Un an et demi après les premiers cas de Covid-19 recensés sur son territoire, la Chine a célébré avec faste le centenaire de son Parti communiste. L’occasion pour Xi Jinping de conforter son discours de légitimation du parti-État, en s’appuyant sur une histoire nouvellement révisée : un récit qui cherche à refermer définitivement la page des réformes, pour affirmer la Chine comme puissance accomplie et non plus en devenir.

Le Parti communiste chinois (PCC) a célébré le 1er juillet dernier son centième anniversaire, organisant pour l’occasion deux spectacles extravagants, l’un au stade olympique de Pékin (le « Nid d’Oiseau »), l’autre sur la place Tiananmen, marqué par un long discours du secrétaire général Xi Jinping. Auparavant, une campagne de masse a eu lieu pendant plusieurs mois, lancée en février dernier, pour appeler à l’étude de l’histoire du Parti par tous.

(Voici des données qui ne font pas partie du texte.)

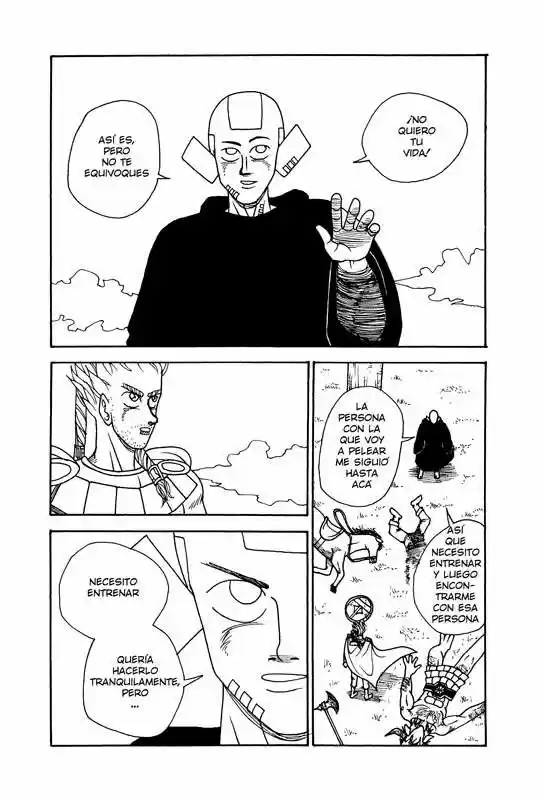La Espada Del Anormal - Capítulo 57 - Página 7 - LectorTMOo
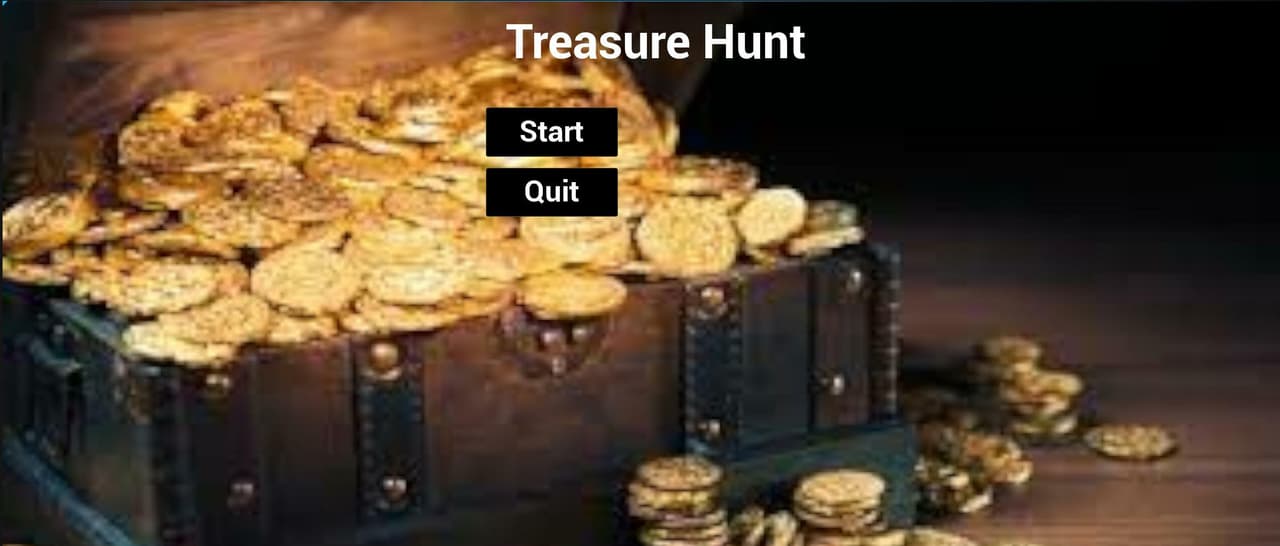 Treasure Hunt (Diginyxwarrior)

En avril, une circulaire du Secrétariat central appelait à organiser les activités de commémoration autour du slogan « suivre le Parti pour toujours » (yongyuan gen dang zou). Deux super-productions cinématographiques, « 1921 » (consacré au premier congrès) et « Le révolutionnaire » (consacré au premier vulgarisateur de textes marxistes Li Dazhao) sortent en salles ce mois-ci pour donner à l’anniversaire l’éclat apporté par les stars du spectacle.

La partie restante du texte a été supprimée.